Although Xi has frequently declared his desire for China to move from a low- and mid-skilled economy to a service-oriented one, his actual priority is in the manufacturing and mining sectors, seeing these industries as vehicles to achieve global dominance, said Ezrati, also a contributor to The Epoch Times. An official report estimated nearly 30 million manufacturing jobs will be unfilled by 2025 due to the skill mismatch of college graduates.

The CCP’s youth unemployment problem is “self-inflicted,” Ezrati said. “Had Xi been true to his ambitions to have a service, knowledge economy, maybe this problem would probably exist, but not be nearly as severe.

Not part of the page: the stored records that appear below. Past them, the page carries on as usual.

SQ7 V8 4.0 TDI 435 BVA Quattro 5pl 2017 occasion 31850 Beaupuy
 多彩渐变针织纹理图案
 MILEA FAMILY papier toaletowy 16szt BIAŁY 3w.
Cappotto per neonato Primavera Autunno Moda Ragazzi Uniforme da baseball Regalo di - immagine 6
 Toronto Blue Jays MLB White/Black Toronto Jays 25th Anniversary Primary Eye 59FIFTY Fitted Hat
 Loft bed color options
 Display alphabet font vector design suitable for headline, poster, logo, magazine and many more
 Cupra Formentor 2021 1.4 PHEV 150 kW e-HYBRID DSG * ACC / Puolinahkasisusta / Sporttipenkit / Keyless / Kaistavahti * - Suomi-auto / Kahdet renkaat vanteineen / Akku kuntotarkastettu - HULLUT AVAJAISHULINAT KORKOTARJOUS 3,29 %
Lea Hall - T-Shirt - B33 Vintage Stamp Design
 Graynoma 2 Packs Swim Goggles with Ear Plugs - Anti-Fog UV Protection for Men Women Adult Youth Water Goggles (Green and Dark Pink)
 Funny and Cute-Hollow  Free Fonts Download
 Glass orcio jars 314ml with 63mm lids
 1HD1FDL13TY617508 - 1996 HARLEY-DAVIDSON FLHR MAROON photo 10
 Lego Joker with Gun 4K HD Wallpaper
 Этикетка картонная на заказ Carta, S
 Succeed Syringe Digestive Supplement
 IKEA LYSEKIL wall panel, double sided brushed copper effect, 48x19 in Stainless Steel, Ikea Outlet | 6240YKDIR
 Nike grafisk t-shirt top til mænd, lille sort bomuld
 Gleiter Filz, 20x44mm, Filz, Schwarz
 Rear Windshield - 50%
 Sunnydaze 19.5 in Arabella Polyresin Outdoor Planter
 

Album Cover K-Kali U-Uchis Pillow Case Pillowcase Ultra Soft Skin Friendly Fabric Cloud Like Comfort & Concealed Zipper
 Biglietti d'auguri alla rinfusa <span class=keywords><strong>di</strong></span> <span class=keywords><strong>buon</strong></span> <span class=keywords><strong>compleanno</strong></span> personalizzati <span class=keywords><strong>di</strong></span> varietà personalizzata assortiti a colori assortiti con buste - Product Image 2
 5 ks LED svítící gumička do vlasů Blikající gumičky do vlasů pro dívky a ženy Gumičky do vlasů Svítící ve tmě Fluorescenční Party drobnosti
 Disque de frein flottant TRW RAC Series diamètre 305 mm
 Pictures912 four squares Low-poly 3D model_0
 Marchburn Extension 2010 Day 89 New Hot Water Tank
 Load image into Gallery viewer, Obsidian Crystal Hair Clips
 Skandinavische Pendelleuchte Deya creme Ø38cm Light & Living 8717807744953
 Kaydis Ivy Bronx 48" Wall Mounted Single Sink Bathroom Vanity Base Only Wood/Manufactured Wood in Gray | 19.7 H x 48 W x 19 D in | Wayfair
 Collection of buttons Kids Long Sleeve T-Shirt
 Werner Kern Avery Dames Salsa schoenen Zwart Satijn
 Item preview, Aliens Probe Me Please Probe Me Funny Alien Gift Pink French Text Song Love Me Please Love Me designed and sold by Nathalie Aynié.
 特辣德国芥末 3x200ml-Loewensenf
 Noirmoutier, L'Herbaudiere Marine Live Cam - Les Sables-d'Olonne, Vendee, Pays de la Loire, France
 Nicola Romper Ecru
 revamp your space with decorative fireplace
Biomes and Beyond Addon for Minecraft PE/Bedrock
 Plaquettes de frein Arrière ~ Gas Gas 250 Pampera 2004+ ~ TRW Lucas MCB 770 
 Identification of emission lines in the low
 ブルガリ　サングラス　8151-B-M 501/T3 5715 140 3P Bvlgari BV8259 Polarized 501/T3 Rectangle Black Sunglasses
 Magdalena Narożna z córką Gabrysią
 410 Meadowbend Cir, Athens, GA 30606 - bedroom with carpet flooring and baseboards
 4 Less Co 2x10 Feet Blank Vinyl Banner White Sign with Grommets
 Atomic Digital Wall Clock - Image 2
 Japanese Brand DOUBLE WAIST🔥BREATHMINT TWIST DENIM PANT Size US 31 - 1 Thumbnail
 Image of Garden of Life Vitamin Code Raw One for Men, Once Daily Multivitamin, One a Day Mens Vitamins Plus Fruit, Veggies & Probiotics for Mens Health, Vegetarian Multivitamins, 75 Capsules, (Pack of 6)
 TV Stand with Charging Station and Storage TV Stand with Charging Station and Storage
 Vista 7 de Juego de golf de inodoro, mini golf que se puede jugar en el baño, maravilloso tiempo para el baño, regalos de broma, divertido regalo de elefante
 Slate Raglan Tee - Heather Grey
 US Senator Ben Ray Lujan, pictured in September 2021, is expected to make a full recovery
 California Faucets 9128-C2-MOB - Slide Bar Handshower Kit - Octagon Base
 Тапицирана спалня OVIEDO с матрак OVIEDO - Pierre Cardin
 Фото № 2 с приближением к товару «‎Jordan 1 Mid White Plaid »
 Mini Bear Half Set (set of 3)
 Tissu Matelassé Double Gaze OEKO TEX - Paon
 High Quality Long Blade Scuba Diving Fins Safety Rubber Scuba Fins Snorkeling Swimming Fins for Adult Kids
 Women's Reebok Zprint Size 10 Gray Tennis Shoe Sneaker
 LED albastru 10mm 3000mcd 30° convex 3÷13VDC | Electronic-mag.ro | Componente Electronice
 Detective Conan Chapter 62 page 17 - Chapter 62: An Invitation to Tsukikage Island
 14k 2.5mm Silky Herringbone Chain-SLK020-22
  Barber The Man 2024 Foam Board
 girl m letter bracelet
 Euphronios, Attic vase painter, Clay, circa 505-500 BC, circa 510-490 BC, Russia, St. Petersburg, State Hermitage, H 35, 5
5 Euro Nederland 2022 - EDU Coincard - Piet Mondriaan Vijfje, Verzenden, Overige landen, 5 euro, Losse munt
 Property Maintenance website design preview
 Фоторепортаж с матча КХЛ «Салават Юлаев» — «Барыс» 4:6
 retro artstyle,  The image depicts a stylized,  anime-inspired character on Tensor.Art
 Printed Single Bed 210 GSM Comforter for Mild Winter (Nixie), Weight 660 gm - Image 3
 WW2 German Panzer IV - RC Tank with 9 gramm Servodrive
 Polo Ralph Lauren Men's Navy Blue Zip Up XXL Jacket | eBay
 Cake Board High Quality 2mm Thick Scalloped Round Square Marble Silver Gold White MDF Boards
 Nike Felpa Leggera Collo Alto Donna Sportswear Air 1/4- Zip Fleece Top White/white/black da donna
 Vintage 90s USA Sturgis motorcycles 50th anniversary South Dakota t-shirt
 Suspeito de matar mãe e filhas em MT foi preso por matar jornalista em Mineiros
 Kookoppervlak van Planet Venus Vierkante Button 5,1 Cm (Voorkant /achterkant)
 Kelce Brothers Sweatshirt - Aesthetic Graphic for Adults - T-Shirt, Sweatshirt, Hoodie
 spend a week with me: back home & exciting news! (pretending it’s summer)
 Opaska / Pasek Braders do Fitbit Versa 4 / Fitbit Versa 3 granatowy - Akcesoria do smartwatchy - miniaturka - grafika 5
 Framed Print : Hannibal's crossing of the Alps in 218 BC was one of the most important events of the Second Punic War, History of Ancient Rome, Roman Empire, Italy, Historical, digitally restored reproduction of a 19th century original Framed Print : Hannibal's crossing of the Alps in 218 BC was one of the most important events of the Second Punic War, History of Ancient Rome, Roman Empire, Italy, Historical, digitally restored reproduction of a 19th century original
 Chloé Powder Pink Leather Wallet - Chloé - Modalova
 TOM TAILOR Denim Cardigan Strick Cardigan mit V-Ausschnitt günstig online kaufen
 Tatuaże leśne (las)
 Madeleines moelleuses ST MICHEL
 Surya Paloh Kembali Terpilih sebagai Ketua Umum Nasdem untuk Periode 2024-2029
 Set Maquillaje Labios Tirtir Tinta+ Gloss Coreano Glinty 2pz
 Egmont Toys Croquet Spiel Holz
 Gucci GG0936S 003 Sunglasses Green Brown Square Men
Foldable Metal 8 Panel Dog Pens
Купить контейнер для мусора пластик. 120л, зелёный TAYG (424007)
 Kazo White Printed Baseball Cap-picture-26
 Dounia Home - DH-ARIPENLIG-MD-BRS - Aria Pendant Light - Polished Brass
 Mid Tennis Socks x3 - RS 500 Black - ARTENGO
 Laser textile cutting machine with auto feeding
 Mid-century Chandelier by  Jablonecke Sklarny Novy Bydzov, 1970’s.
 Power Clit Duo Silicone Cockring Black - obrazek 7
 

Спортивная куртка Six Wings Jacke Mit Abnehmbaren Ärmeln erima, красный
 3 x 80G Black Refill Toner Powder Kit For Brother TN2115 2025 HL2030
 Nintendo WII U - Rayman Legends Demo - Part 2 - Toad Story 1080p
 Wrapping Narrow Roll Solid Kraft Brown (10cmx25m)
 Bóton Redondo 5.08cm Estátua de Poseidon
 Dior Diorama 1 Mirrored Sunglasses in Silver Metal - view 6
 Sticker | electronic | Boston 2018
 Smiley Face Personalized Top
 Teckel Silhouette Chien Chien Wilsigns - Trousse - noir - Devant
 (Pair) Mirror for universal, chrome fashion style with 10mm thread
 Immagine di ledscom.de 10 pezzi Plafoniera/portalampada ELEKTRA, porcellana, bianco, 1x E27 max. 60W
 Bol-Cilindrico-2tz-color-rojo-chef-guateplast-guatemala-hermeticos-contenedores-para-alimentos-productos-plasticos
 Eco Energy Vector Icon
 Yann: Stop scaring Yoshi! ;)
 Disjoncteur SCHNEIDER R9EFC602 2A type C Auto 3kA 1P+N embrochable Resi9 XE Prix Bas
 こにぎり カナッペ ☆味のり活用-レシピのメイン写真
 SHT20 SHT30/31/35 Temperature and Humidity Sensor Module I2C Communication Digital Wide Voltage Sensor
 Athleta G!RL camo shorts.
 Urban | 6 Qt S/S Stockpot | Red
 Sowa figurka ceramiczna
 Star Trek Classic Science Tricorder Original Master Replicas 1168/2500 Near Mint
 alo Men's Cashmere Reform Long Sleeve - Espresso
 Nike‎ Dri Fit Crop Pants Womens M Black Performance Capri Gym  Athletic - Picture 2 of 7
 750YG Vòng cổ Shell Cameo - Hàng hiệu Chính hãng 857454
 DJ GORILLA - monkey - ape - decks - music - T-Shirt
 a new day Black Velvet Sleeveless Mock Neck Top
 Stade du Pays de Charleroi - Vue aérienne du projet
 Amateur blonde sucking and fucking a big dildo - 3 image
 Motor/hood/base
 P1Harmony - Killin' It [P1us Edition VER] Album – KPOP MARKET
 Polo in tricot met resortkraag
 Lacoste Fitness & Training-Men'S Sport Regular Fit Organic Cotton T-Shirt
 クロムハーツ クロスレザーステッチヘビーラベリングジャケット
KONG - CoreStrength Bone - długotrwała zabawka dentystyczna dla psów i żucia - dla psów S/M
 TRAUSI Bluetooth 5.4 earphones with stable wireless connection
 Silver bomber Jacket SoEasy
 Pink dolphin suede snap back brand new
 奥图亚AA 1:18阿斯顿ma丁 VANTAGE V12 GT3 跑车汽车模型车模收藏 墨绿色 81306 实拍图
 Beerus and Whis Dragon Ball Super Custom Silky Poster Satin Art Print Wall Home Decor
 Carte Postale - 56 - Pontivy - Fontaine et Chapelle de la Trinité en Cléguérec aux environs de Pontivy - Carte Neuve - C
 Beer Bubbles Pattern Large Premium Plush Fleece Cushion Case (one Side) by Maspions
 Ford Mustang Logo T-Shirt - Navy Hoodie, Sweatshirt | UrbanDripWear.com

“At the same time as he talked about a knowledge economy and a service economy, he put great stress on effectively cornering the market in certain crucial industries, such as chip manufacturing and electric vehicles and batteries.”

In his view, the CCP’s way out is to adopt a market-based economy, which the communist regime would never do because authoritative central planning is ingrained as a core ideology. A market-based economy would mean a flourishing private sector, which the CCP has been clamping down on for almost three years.

“I think the greatest threat to the CCP is these independent sources of power that large consumer-oriented firms have,” he said.